An exact copy of all the entries is needed, with no images in it.

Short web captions
=== Begin Enclosure ===
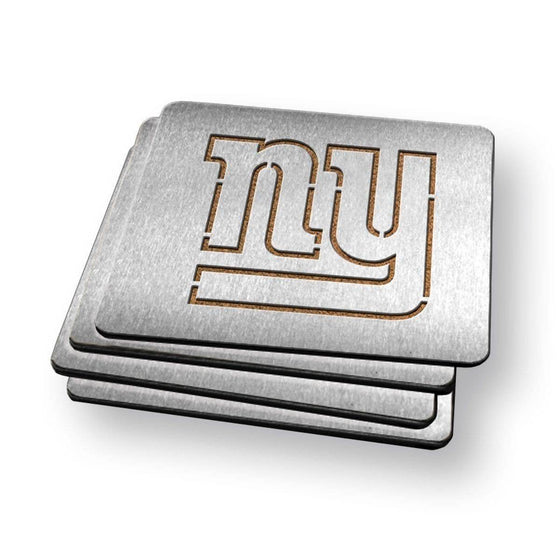 New York Giants Boaster Set of 4 Stainless Steel Cork Backed Coasters - 757 Sports Collectibles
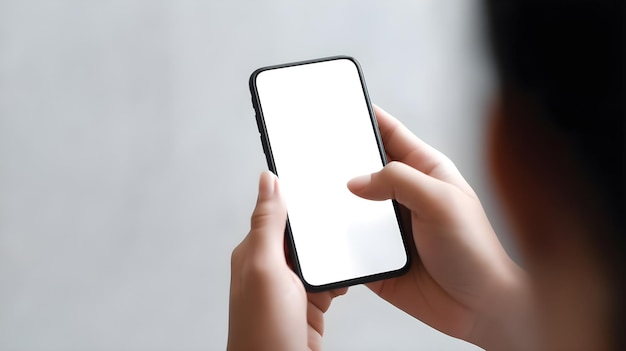 A person holding a phone with a blank screen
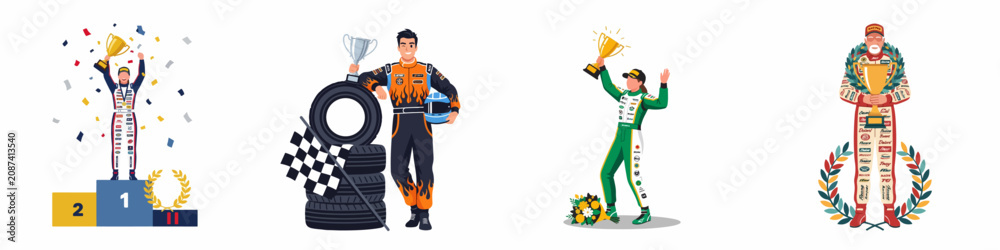 Obraz premium Set of Professional Race Car Drivers Celebrating Victory with Trophies, Podiums, and Flags in a Flat Vector Illustration Style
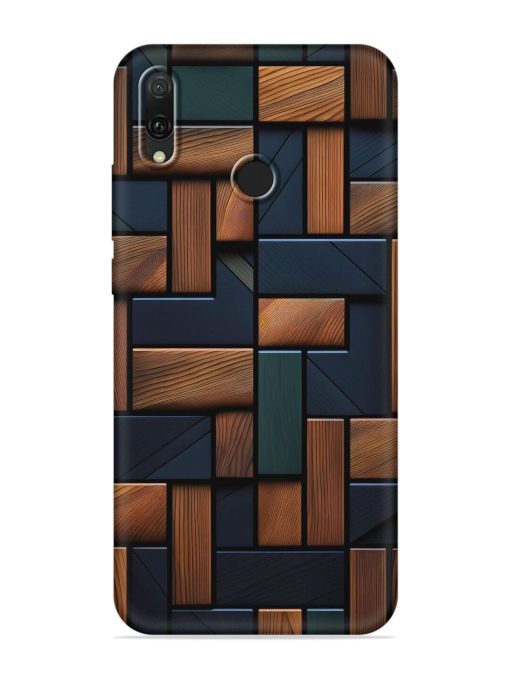 Wooden Background Cubes Embossed Soft Silicone Case for Honor Y9 (2019) Zapvi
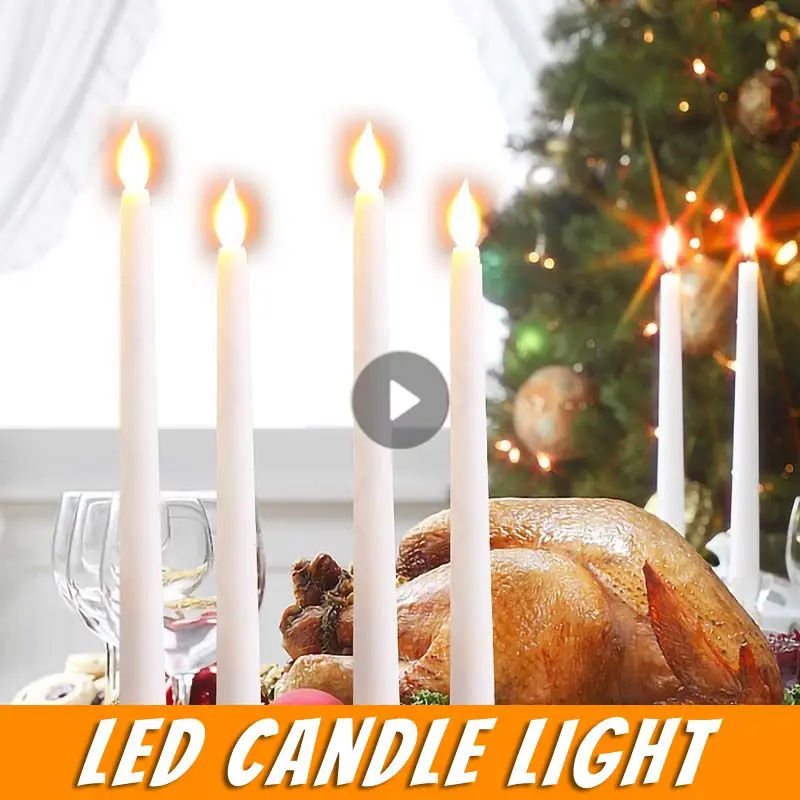 

Long LED Candles Flameless Battery Powered Pointed Candle Light Decorative Flickering Candle Lighting For Home Event Christmas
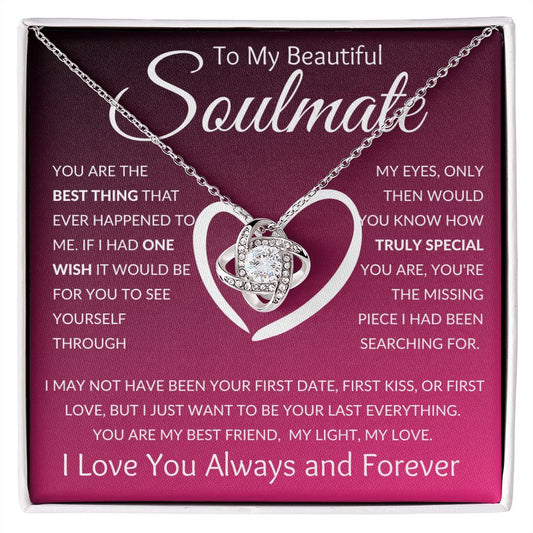 Love Knot Necklace, Gift to Soulmate, Wife, Girlfriend - You're the Best - Christmas, Anniversary, Birthday, Valentines Day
=== End Enclosure ===
§ WRITTEN RESPONSE
 New York Giants Boaster Set of 4 Stainless Steel Cork Backed Coasters - 757 Sports Collectibles
 A person holding a phone with a blank screen
 Obraz premium Set of Professional Race Car Drivers Celebrating Victory with Trophies, Podiums, and Flags in a Flat Vector Illustration Style
 Wooden Background Cubes Embossed Soft Silicone Case for Honor Y9 (2019) Zapvi

Long LED Candles Flameless Battery Powered Pointed Candle Light Decorative Flickering Candle Lighting For Home Event Christmas
 Love Knot Necklace, Gift to Soulmate, Wife, Girlfriend - You're the Best - Christmas, Anniversary, Birthday, Valentines Day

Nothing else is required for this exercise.